高知にて行なわれた登校拒否を考える全国合宿。そのなかでは不登校・ひきこもりの子を持つ親4人がシンポジストとして登場。今号はシンポジウム「私たちが子どもから受け取ったもの」の講演抄録を掲載する。
自分らしく生きて
息子が不登校になったのは、中学1年生のとき。2学期に入り、「お腹が痛い」と言い出しました。その後も登校時間が近づくと腹痛が起こり、学校に行けないということが、しばしばありました。原因を明らかにしなければと思い、病院で検査を受けるなどさまざま手を尽くすものの、何度検査しても問題なし。親として気ばかり焦るなか、埼玉県にある親の会「越谷らるご」と出会ったんです。そのとき、私はやっと腑に落ちたと感じました。
というのも、東京の病院など、いろいろな機関に相談しに行ったんです。ところが、何かちがう。誰に話しても、同じ目線で話を聴いてもらっていないというような消化不良感が残る。
さらに言えば、支援する人・される人という固定した枠組みに、強い抵抗感をおぼえることもありました。一方で、「越谷らるご」はちがいました。同じ悩みを持つ者どうしの目線は同じで、支援する・されるといった関係もない。何となくですが、自分たちの進むべき方向性が見えてきたように感じられました。
中学3年生のとき、息子が突然「音楽の学校に行きたい」と言い出しました。学校の先生からは難しいだろうと言われていたのですが、受験をしました。結果は、うまくいきませんでした。翌年、高校受験もトライしたのですが、それもうまくいかず。そのころは私との関係も一触即発で、本人も不安定でした。
つらいのは息子なんだ
当時のことで、いまでも反省していることが一つあります。「本当につらいのは息子なんだ」という認識と想像力が自分に足りなかった、ということ。いつも「なんでこの子は私のことを困らせるのだろう」と、自分の悲壮感ばかりを優先していたんです。それが息子にも伝わっていたんだと思います。息子のつらさをおもんばかってあげられなかった。というのも、わが子から「死ね」と言われると、本当につらいんです。死んでもいいかなって心から思えるときもありました。
あるとき、たまりかねて「死んでもいいから殺してくれ」って言ったことがあります。それが伝わったのか、その日を境におたがいの緊張状態が山場を越し、おたがいのことを少しずつ思いやれるようになったような気がします。
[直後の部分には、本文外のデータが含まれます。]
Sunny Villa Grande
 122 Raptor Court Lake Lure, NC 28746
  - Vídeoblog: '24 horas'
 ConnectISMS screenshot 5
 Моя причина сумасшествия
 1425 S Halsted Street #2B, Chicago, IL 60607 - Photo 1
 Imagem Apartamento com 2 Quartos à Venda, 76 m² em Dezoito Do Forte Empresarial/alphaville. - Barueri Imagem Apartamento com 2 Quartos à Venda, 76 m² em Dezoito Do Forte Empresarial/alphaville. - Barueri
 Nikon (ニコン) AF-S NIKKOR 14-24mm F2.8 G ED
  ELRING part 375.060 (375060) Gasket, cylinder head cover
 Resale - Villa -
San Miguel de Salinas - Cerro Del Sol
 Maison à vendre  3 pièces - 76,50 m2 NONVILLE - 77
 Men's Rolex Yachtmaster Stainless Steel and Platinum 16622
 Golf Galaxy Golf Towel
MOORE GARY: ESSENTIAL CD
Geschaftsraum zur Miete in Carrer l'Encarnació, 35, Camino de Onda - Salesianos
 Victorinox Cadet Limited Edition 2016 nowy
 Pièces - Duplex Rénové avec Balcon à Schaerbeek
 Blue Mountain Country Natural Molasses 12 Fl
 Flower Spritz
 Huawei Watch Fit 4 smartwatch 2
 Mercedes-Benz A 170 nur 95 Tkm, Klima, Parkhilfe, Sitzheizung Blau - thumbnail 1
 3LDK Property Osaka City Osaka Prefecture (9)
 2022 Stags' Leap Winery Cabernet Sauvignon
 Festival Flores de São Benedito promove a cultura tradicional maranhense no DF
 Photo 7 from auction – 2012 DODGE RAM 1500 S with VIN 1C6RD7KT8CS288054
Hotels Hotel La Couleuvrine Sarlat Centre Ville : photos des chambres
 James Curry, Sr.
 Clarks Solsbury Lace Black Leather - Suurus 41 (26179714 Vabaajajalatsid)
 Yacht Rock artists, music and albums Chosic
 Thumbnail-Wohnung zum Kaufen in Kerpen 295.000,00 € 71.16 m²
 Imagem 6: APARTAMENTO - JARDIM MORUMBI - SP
不登校した後の将来をどう考えるか。それはみなさんのお話にもあるように「自分らしく生きてくれればいい」ということだと思います。ある親にとっては「不登校した後、高校や大学に行って就職した」という話が大きな励みになることがあります。一方で、うちの子のように、「学校も行かないし、ときどきアルバイトをするなかで、自分らしく生きているよ」という話に支えられる親の方もいらっしゃるかと思います。
息子のために申し添えますが、その後、独学でピアノが弾けるようになりました。ベートーベン、ショパンなど弾けちゃうもんなんですね。それ以外にもさまざまなことに興味を持っています。どれも仕事には直接結びつかないかもしれないけれど、親として息子の思いをできるかぎり支えていきたいと思います。